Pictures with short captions
•••

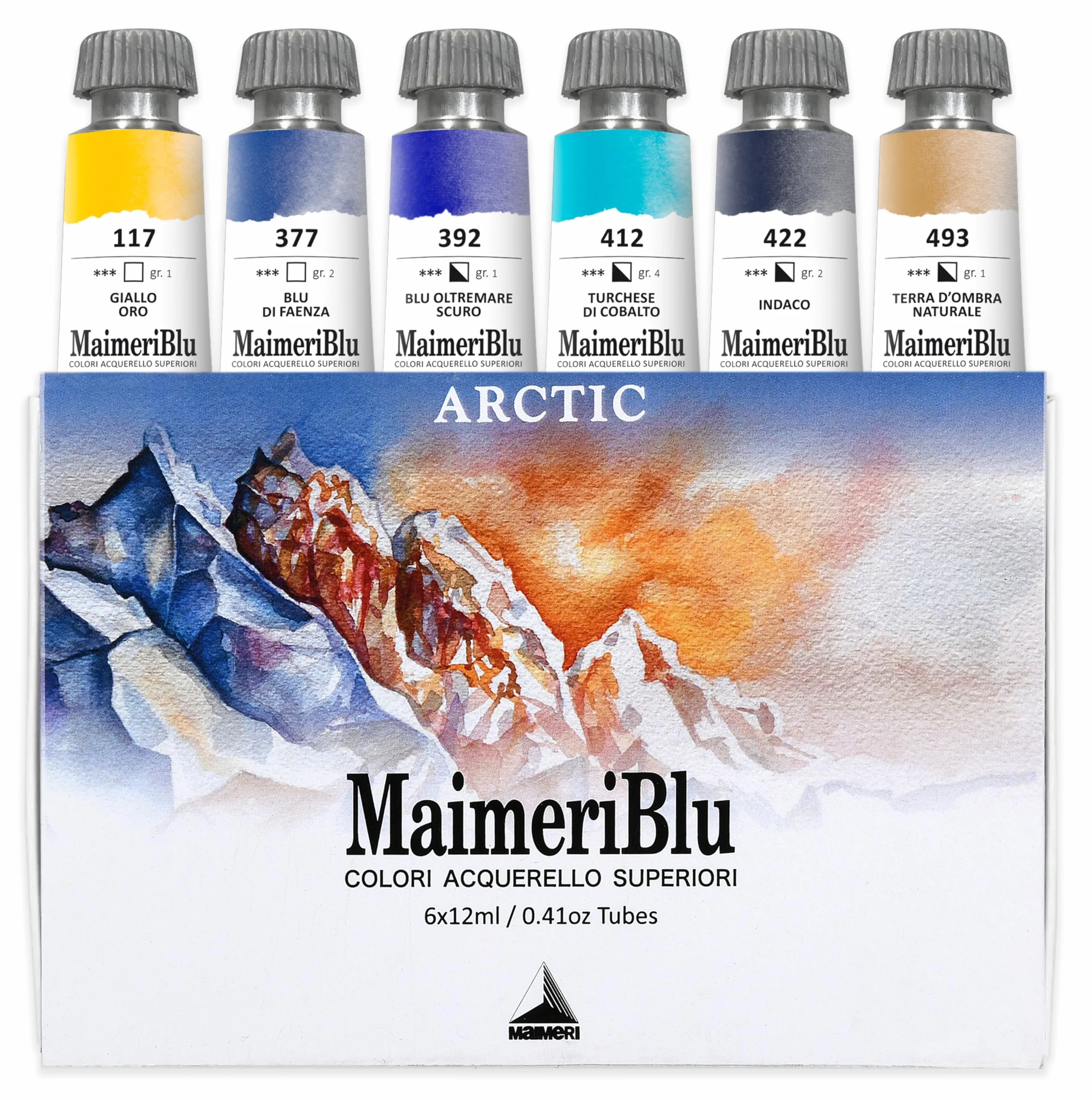 Maimeri MaimeriBlu BLU akwarele artystyczne zestaw arktyczny 6 szt. 12 ml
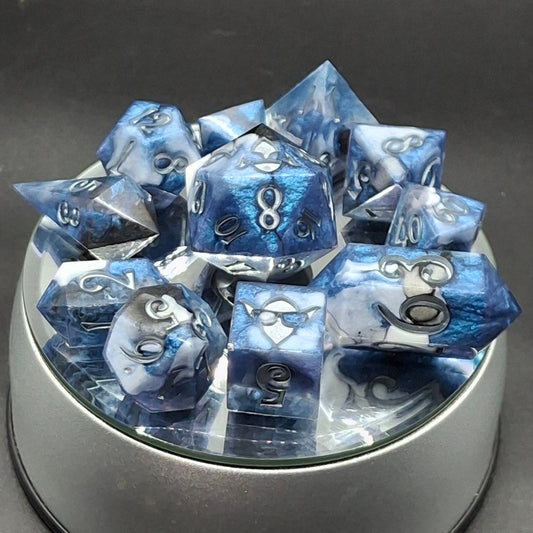 Enchanting Azure Dreamscape Polyhedral Dice Set for TTRPG Adventures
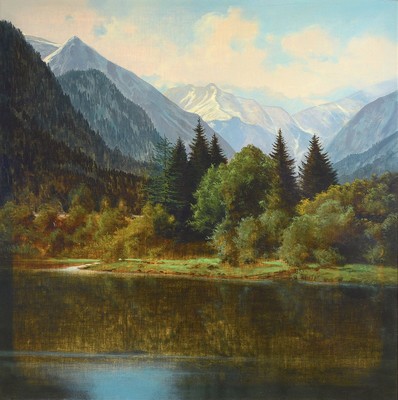 Ungedeuteter Maler signiert Stephan o.ä., Münchener Schule, um 1900, Seelandschaft mit Blick auf die Alpen, Öl/Lwd, re. unten unleserlich ...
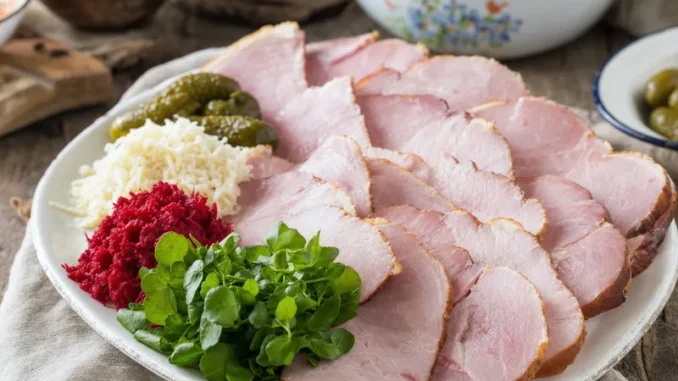 Szynka wędzona na gorąco z chrzanem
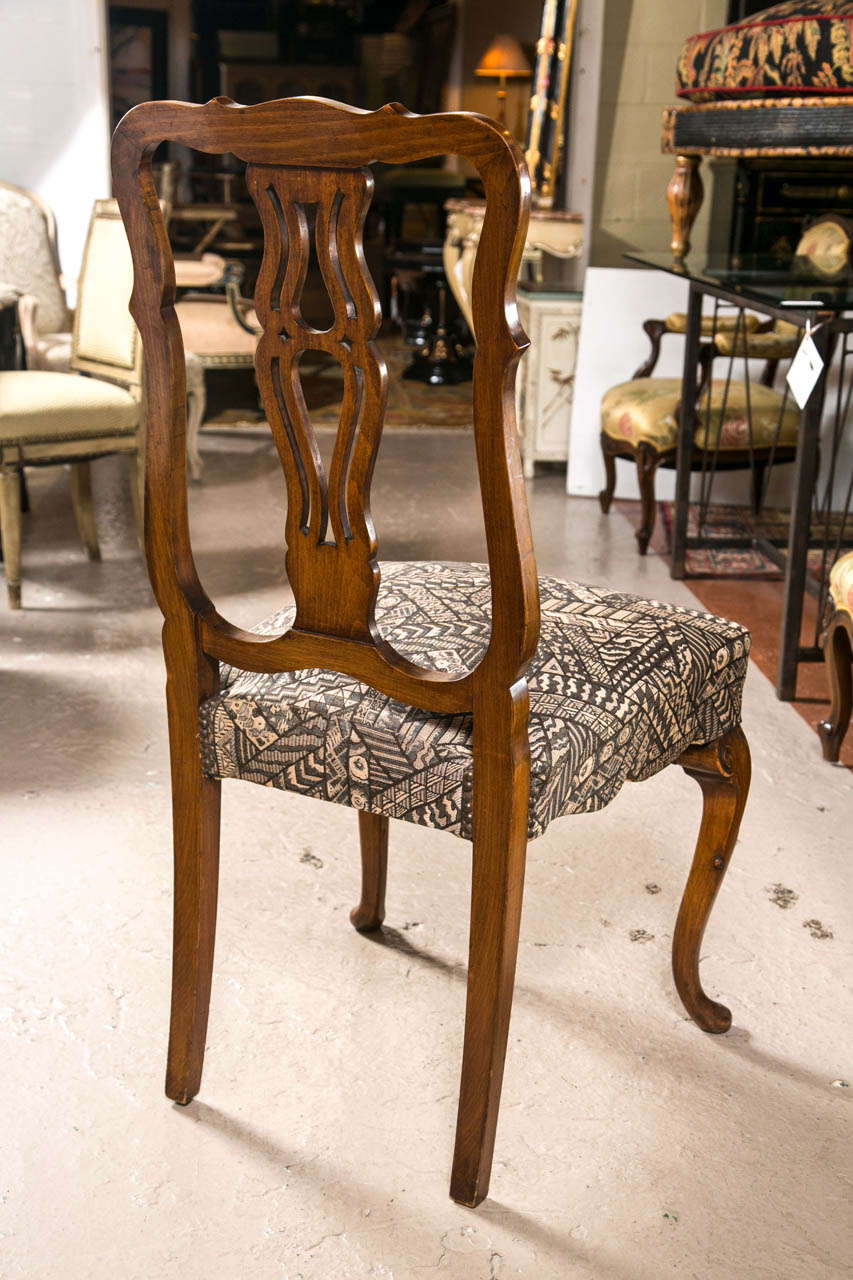 Set Ten Fine Queen Anne Styled Dining Chairs In New Fabric Walnut Cabriole Legs 1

•••

**What the task asks**
Instructions for the copy: start at the first entry, stop after the line containing "Szynka wędzona na gorąco z chrzanem", keep every line exact, and drop the pictures.

**Answer box**
 Maimeri MaimeriBlu BLU akwarele artystyczne zestaw arktyczny 6 szt. 12 ml
 Enchanting Azure Dreamscape Polyhedral Dice Set for TTRPG Adventures
 Ungedeuteter Maler signiert Stephan o.ä., Münchener Schule, um 1900, Seelandschaft mit Blick auf die Alpen, Öl/Lwd, re. unten unleserlich ...
 Szynka wędzona na gorąco z chrzanem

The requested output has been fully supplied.